EXERCISE AIM
For this exercise, restate every line below word for word and drop the images.
··· INFORMATION SHOWN ···
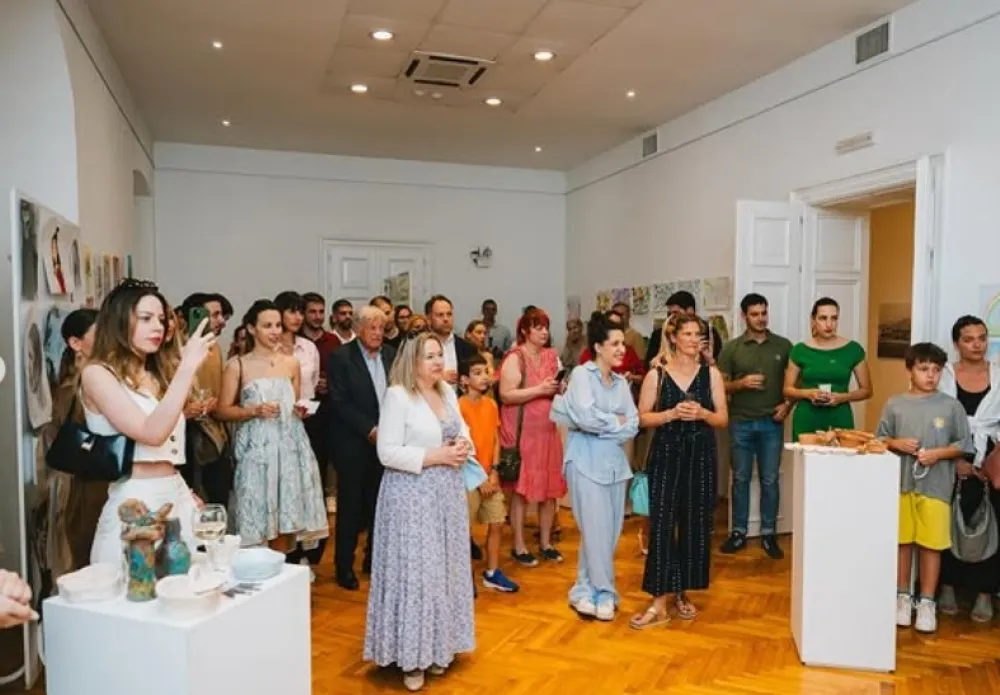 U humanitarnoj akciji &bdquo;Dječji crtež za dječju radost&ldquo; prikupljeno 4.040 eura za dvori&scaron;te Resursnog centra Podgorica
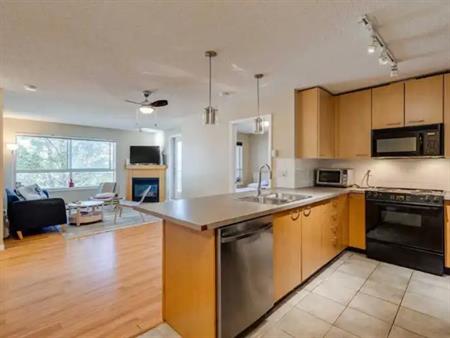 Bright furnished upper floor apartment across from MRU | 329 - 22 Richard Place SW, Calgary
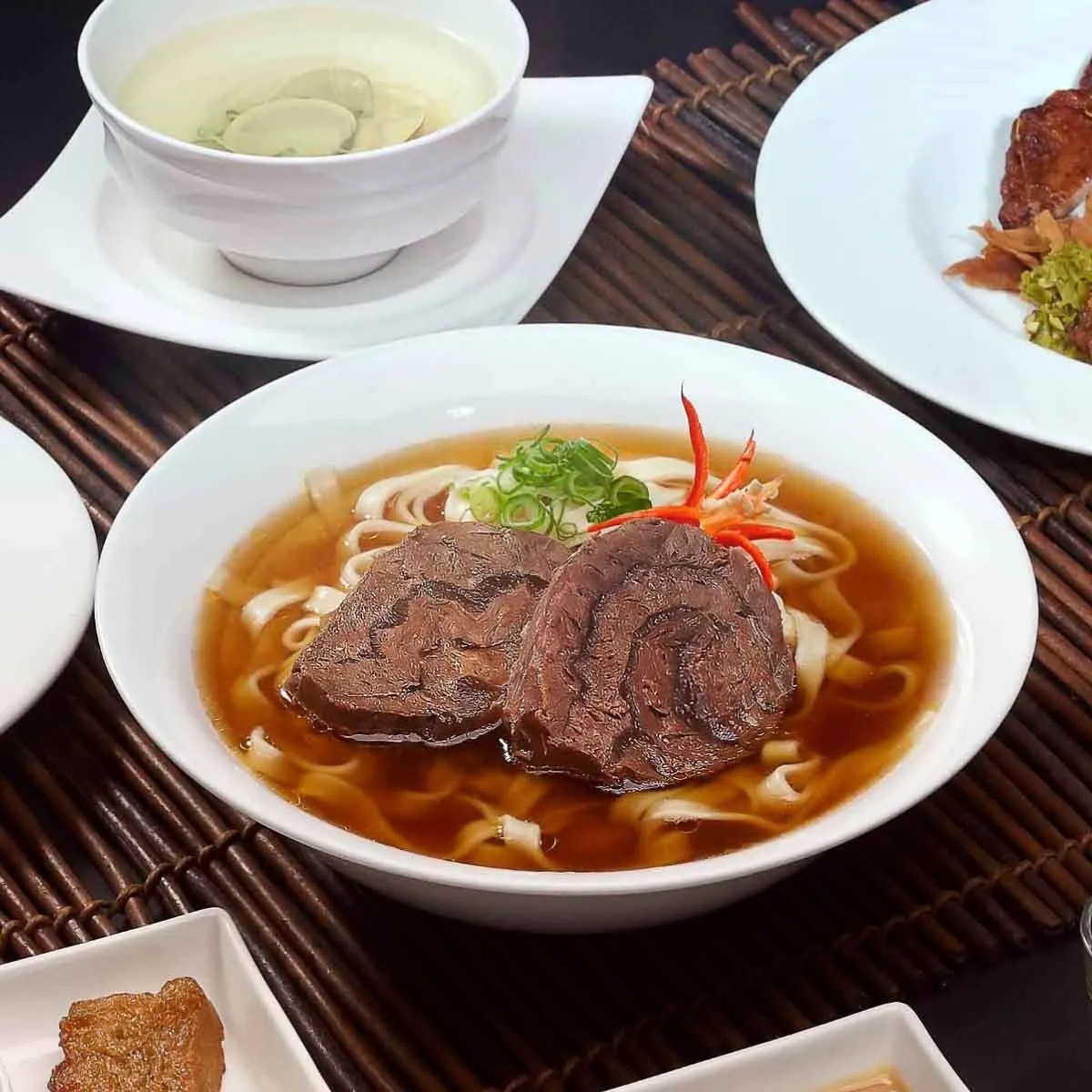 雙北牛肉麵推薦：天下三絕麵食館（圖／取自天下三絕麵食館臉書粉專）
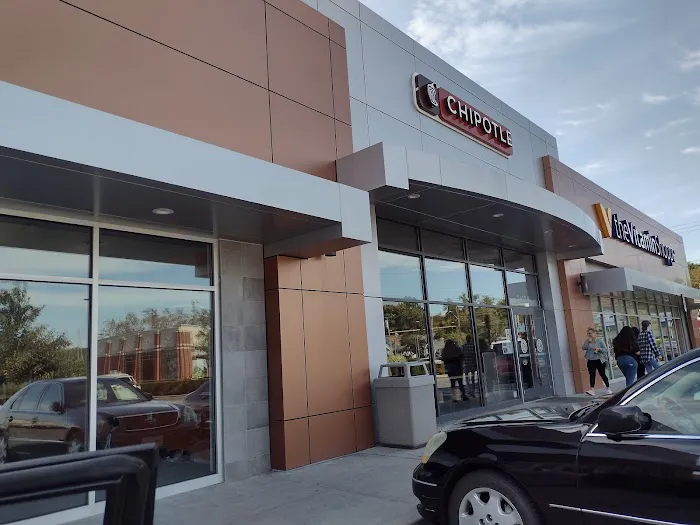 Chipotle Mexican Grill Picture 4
···
WRITTEN ANSWER
 U humanitarnoj akciji &bdquo;Dječji crtež za dječju radost&ldquo; prikupljeno 4.040 eura za dvori&scaron;te Resursnog centra Podgorica
 Bright furnished upper floor apartment across from MRU | 329 - 22 Richard Place SW, Calgary
 雙北牛肉麵推薦：天下三絕麵食館（圖／取自天下三絕麵食館臉書粉專）
 Chipotle Mexican Grill Picture 4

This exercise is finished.